### TASK STATEMENT:
Reproduce the entries word for word but drop every picture.

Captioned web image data
>>>

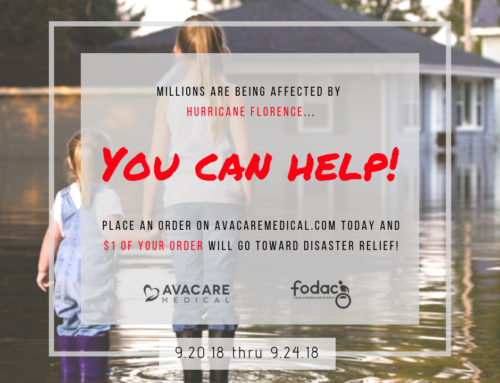 AvaCare Medical Supports Hurricane Florence Relief Efforts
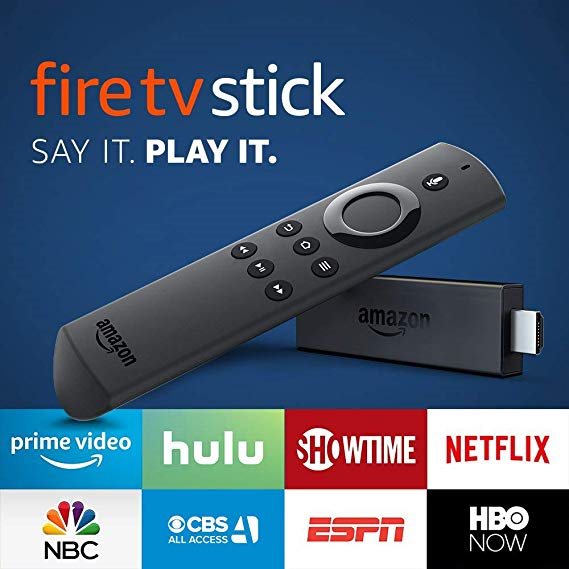 Best Smart Home Gadgets of 2018, Amazon Fire TV Stick with Alexa Voice Remote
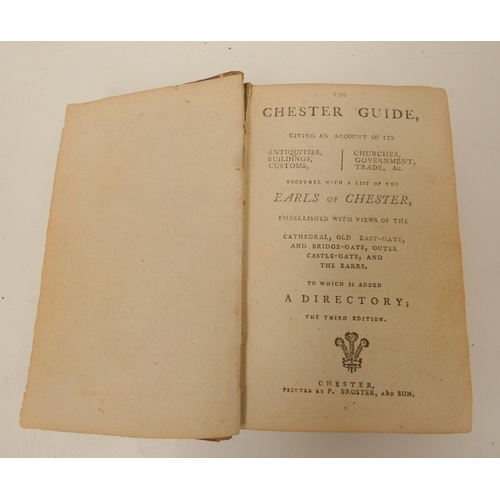 20 - BROSTER P. & SON.  The Chester Guide ... to which is added a Directory. Eng. plates. 3... 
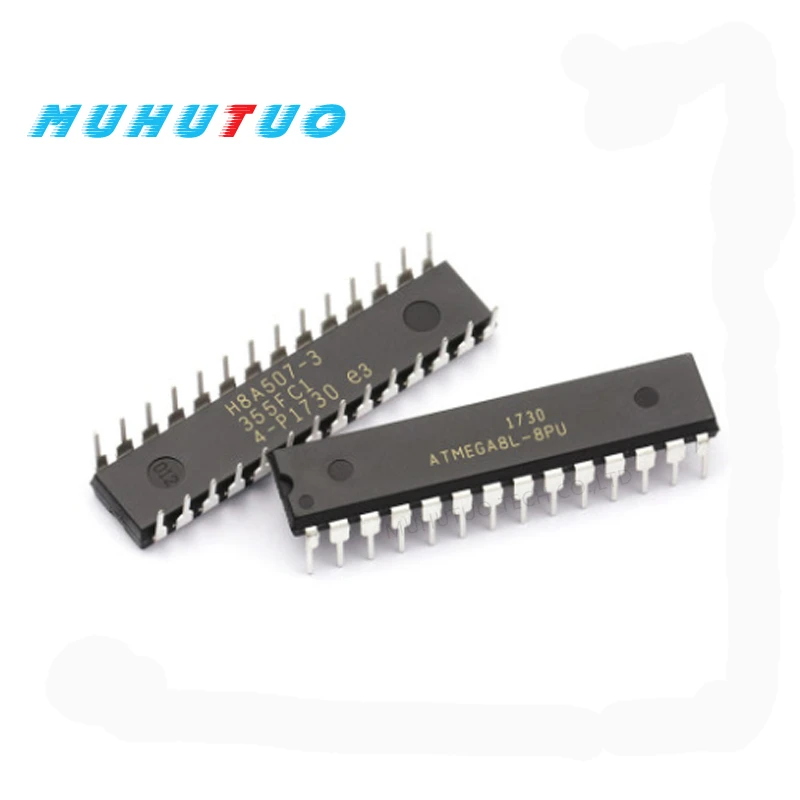 5 шт. ATMEGA8L-8PU ATMEGA8L ATMEGA8 IC DIP28 оригинальные оригинальные светодиодные фонари фонарик atmega8 16au atmega8a au atmega8l оптовая продажа полный список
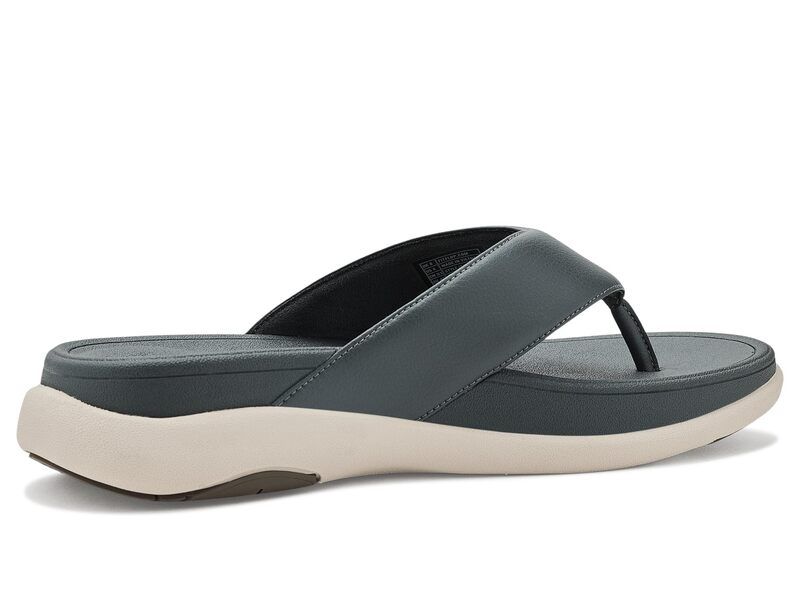 フィットフロップ メンズ シューズ サンダル Fitflop FMode Go ToePost Sandals Charcoal チャコール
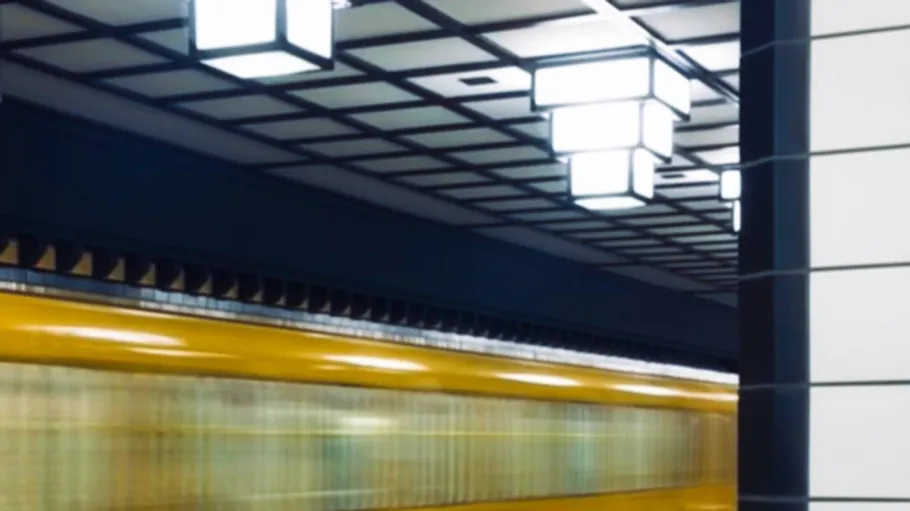 Beautiful station along the way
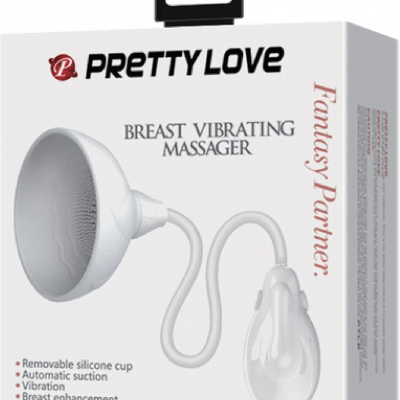Pretty Love Breast Vibrating Massager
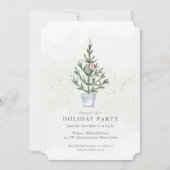 Minimale versiering van de Waterverf van de Boom H Kaart (Voorkant)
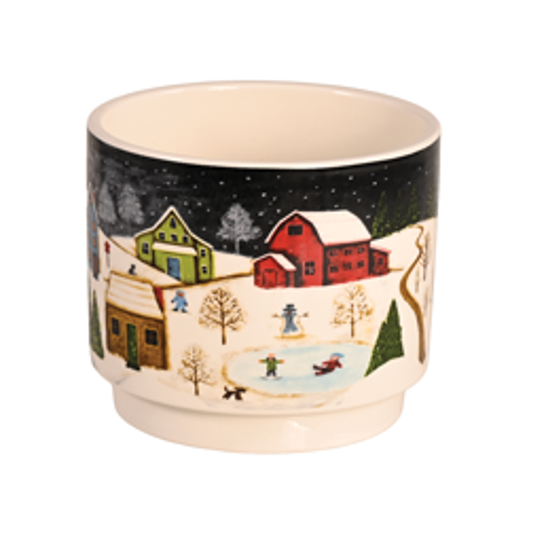 Picture of Alpine Village Pot 5.33"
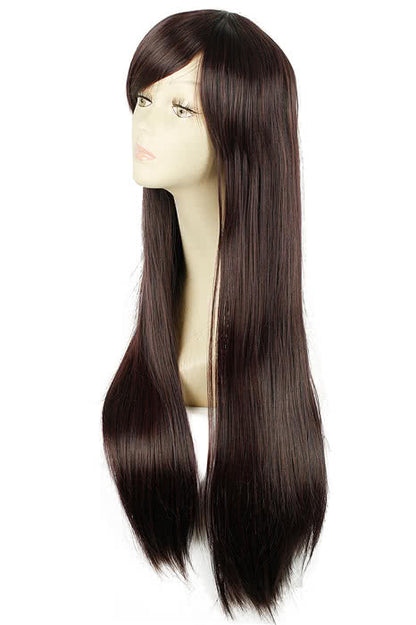 77cm Long Straight Touhou Project Kirisame Marisa Cosplay Wig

<<<

### ANSWER SECTION:
 AvaCare Medical Supports Hurricane Florence Relief Efforts
 Best Smart Home Gadgets of 2018, Amazon Fire TV Stick with Alexa Voice Remote
 20 - BROSTER P. & SON.  The Chester Guide ... to which is added a Directory. Eng. plates. 3... 
 5 шт. ATMEGA8L-8PU ATMEGA8L ATMEGA8 IC DIP28 оригинальные оригинальные светодиодные фонари фонарик atmega8 16au atmega8a au atmega8l оптовая продажа полный список
 フィットフロップ メンズ シューズ サンダル Fitflop FMode Go ToePost Sandals Charcoal チャコール
 Beautiful station along the way
Pretty Love Breast Vibrating Massager
 Minimale versiering van de Waterverf van de Boom H Kaart (Voorkant)
 Picture of Alpine Village Pot 5.33"
 77cm Long Straight Touhou Project Kirisame Marisa Cosplay Wig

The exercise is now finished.